There are days when one wonders if the Guardian and the BBC are actually joined at the hip. May 20th was one of them, when a report titled “Keeping alive Gaza’s culinary traditions” by the BBC Jerusalem Bureau’s Yolande Knell appeared in the Features & Analysis section of the Middle East page of the BBC News website, where it was subtitled “Preserving the spice of life when ingredients and power are scarce”. The same report was also featured in the website’s ‘Magazine’ section; there it was subtitled “Preserving the spice of life under blockade”.
So what has this to do with the Guardian? Well – by complete coincidence – that paper’s Jerusalem correspondent, Harriet Sherwood, produced an amazingly similar article on precisely the same subject and promoting the exact same themes just six days earlier.
Both Knell and Sherwood wax lyrical about Gazan salads and seafood dishes – with both stressing the subject of the fishing zone, but without mentioning that after it had been extended to 6 miles in November 2012, following the ceasefire which brought an end to Operation pillar of Cloud, it had to be reduced again in March 2013 due to rocket fire from the Gaza Strip. Incidentally, the zone was re-extended to six miles on May 21st 2103.
Both Knell and Sherwood make much of supposed food shortages in the Gaza Strip and stress the subject of UNRWA food aid – without making any effort to tell readers of other sides to the story. Both Knell and Sherwood emphasise the issue of power cuts and gas shortages. And of course both Sherwood and Knell blame any and every shortage on Israel, but at least the former does not make the same mistake as Knell by claiming (yet again) that the naval blockade on the Gaza Strip was “tightened” in 2007, when in fact it did not exist until 2009.

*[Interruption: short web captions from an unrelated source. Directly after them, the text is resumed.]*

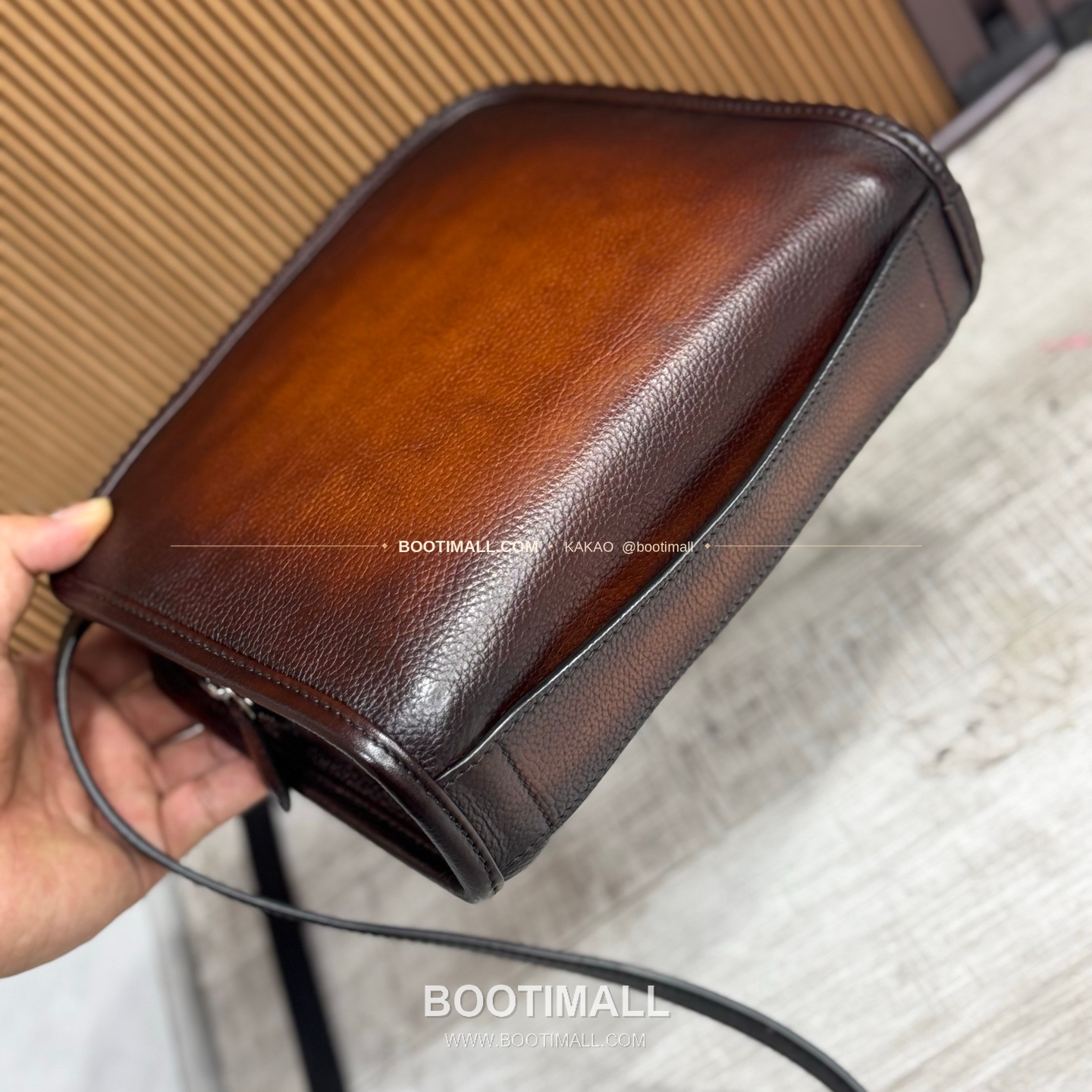 벨루티 그레인 카프스킨 Journalier Trio 크로스바디백 Berluti Grained Calfskin Journalier Trio Crossbody Bag 10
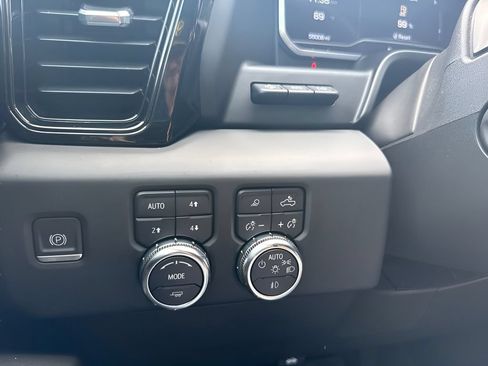 Used 2022 GMC Sierra 1500 AT4 w/ AT4 Premium Package AWD/4WD image 25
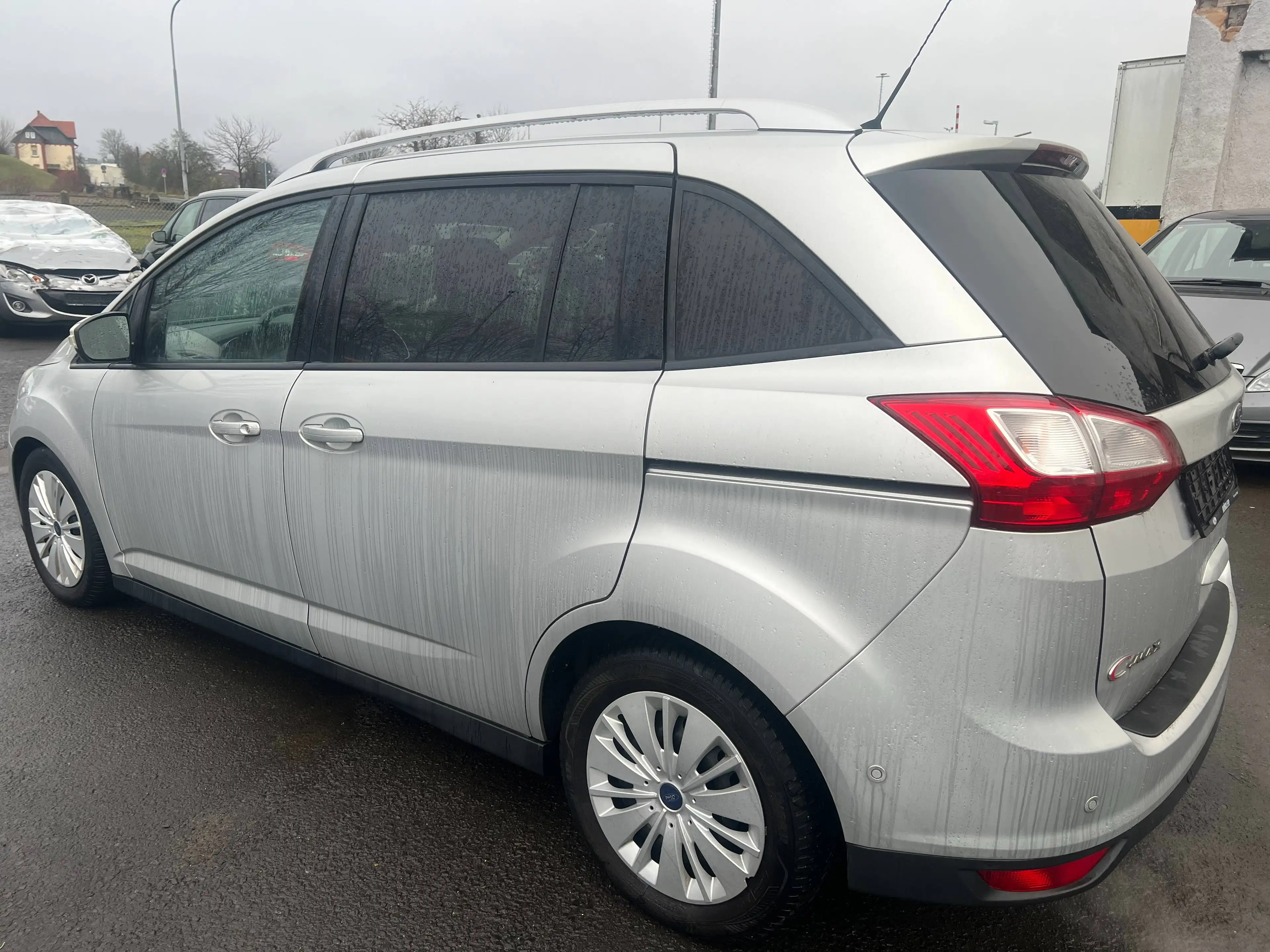 Ford Grand C-Max 7-Sitzer — photo 3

But the most glaring similarity between the two articles is the fact that they both promote the same cookbook – just in time for its UK launch. Knell writes:
“However, a new cookbook – The Gaza Kitchen – that went on sale in the UK this month, tries to give an alternative perspective by focusing on the distinctive, and piquant, local cuisine.
“We had an intuition that this would be a really remarkable way of telling the story of Gaza – the connection between the people, the land and the history,” says co-author Laila el-Haddad, who is Gazan but lives in the US.”
As pointed out on our sister site CiF Watch, Kuwaiti-born, Saudi Arabia-raised Laila el Haddad is no ordinary food writer. She is in fact a professional anti-Israel activist and a proponent of the eradication of Israel through the ‘one-state solution’. It therefore will come as no surprise to readers to learn that the launch of her latest book in the UK has been promoted by the London School of Economics’ Middle East Centre, the London BDS website and the Mosaic Rooms which belongs to the AM Qattan Foundation – a trustee of which, Nadia Hijab, is also director of the ‘one-state’ promoting ‘think tank’ Al Shabaka, for which Laila el Haddad is a policy advisor.
One must of course at this point wonder whether the culinary trip or trips to Gaza made by Yolande Knell and Harriet Sherwood were in fact organized – and perhaps even sponsored – by Laila el Haddad and/or her publisher, because this almost simultaneous free advertising for a professional anti-Israel activist and her cause from both the Guardian and the BBC’s Jerusalem-based staff is certainly something of a bizarre coincidence.
Whilst we’re at it, we should probably also ask how the promotion of this book in the body of an article on the BBC News website squares up with the BBC’s restrictions on advertising to UK readers of that site.